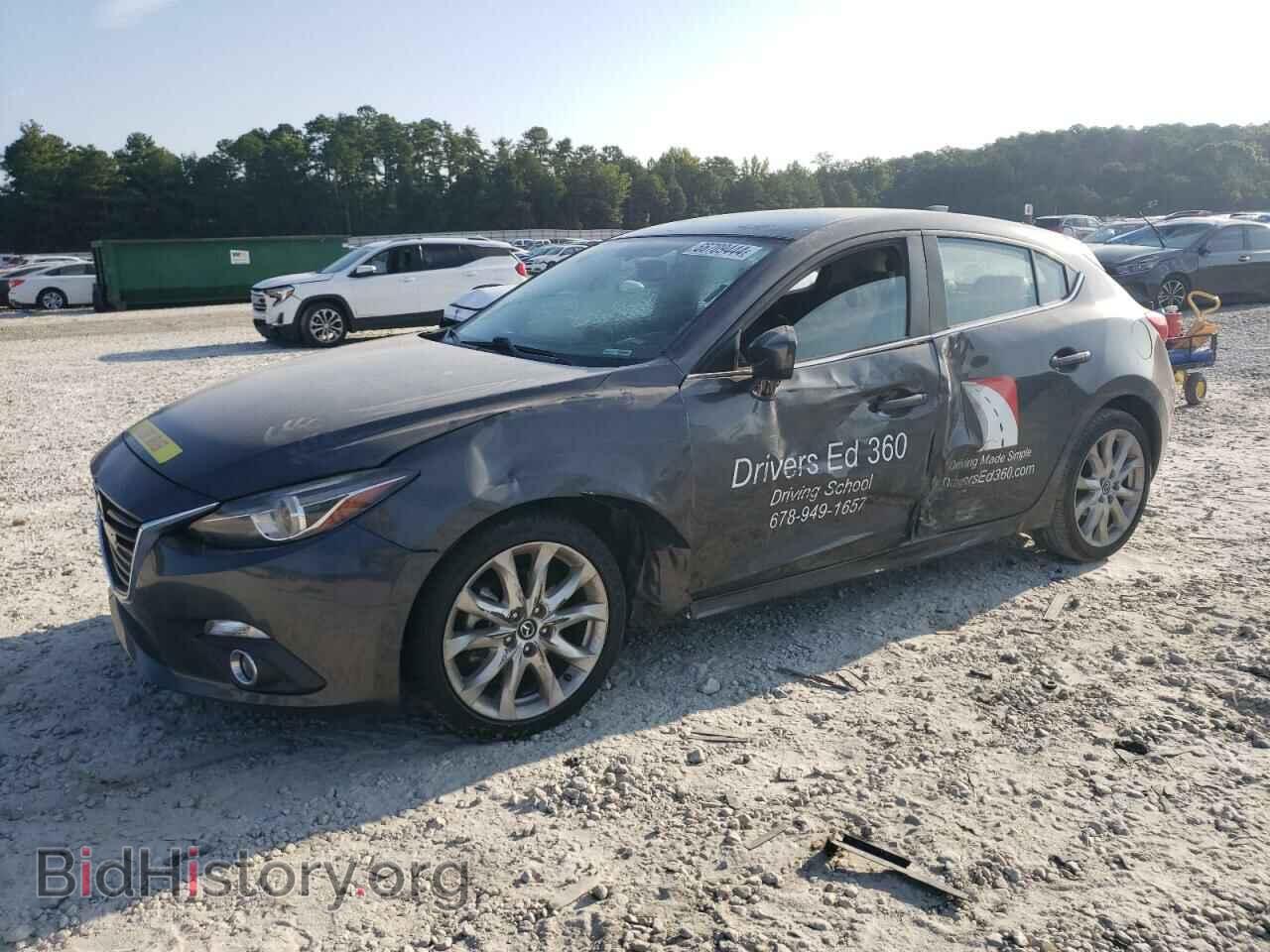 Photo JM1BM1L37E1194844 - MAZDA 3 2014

---+---

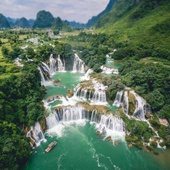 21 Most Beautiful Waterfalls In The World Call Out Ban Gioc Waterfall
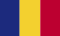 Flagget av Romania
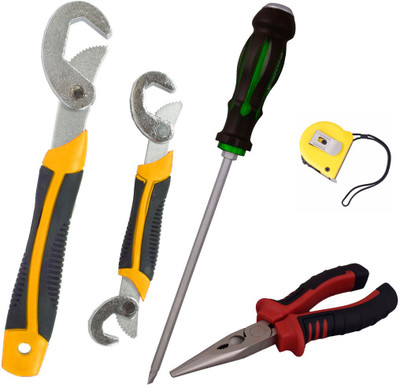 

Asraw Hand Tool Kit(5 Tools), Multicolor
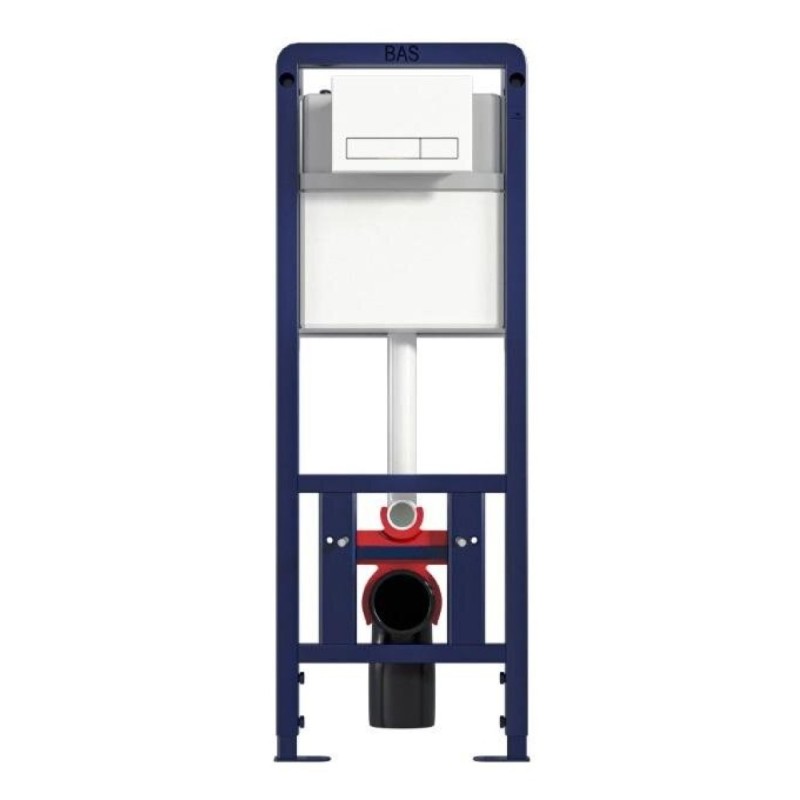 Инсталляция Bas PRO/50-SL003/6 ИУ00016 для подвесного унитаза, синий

---+---

▶ WHAT THE TASK REQUIRES
Copy exactly the lines of the listing above between the one holding "21 Most Beautiful" and the one holding "Инсталляция Bas PRO/50-SL003/6", inclusive; omit all pictures.

▶ FINAL ANSWER
 21 Most Beautiful Waterfalls In The World Call Out Ban Gioc Waterfall
 Flagget av Romania

Asraw Hand Tool Kit(5 Tools), Multicolor
 Инсталляция Bas PRO/50-SL003/6 ИУ00016 для подвесного унитаза, синий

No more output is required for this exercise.